Your assignment: Copy out the lines of the records below, and only those lines, from the one with "Santa Vacations Funny" through the one with "Naklejka premium Walking", exactly as they appear.

___ Listed entries

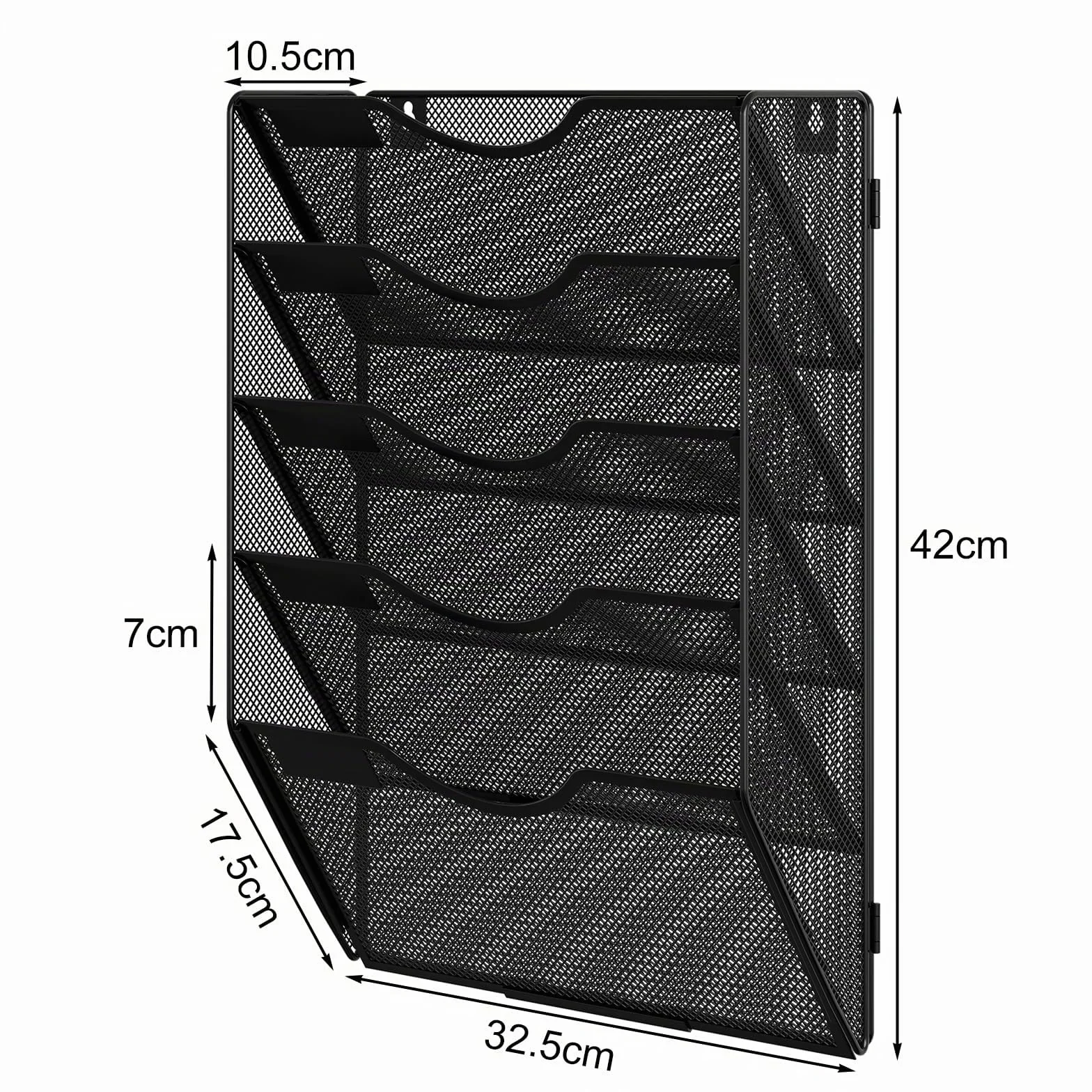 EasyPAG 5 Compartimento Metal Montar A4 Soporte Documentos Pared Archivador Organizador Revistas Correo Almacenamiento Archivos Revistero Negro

______
___ Listed entries

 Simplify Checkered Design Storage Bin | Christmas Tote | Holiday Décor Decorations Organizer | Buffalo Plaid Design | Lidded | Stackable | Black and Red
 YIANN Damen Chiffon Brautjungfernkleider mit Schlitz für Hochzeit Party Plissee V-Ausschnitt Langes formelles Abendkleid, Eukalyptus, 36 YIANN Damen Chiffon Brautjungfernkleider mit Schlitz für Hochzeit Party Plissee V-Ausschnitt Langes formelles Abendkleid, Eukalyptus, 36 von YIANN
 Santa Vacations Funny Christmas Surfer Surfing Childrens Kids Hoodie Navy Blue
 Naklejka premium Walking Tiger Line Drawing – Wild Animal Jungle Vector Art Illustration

______

Expected answer:
 Santa Vacations Funny Christmas Surfer Surfing Childrens Kids Hoodie Navy Blue
 Naklejka premium Walking Tiger Line Drawing – Wild Animal Jungle Vector Art Illustration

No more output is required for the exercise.